▸ Supplied information
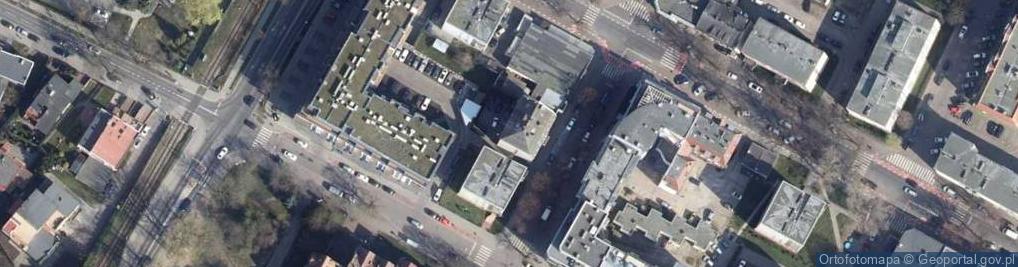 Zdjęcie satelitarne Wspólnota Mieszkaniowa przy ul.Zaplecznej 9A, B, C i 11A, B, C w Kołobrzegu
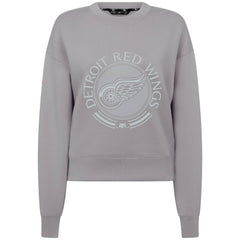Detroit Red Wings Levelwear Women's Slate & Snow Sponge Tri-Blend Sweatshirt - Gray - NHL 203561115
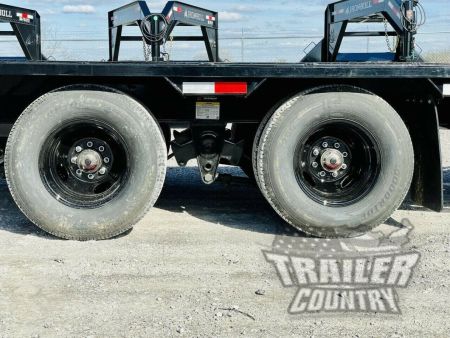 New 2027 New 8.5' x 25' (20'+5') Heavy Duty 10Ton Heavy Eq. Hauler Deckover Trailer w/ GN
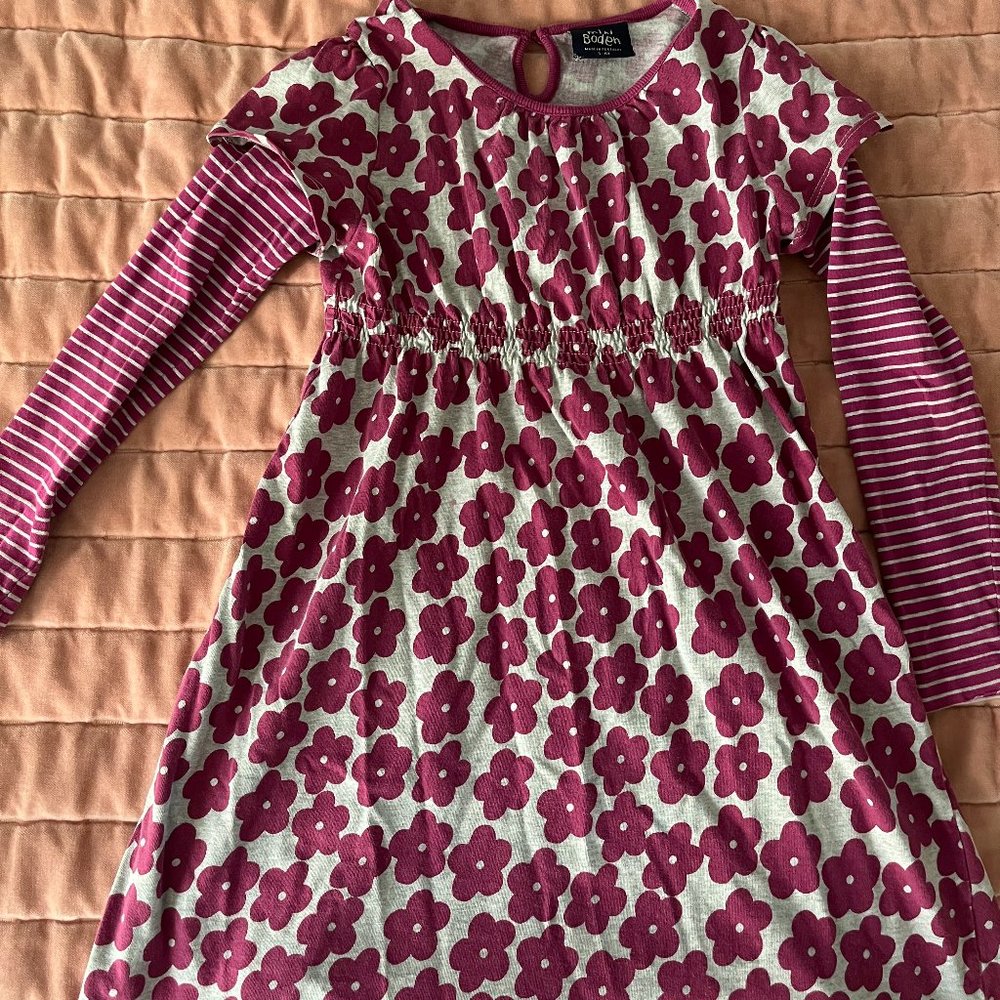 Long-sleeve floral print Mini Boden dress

▸ Task requirements
From the line containing "Detroit Red Wings" through the last line of the material above, write out each line exactly, leaving aside all pictures.

▸ The answer
Detroit Red Wings Levelwear Women's Slate & Snow Sponge Tri-Blend Sweatshirt - Gray - NHL 203561115
 New 2027 New 8.5' x 25' (20'+5') Heavy Duty 10Ton Heavy Eq. Hauler Deckover Trailer w/ GN
 Long-sleeve floral print Mini Boden dress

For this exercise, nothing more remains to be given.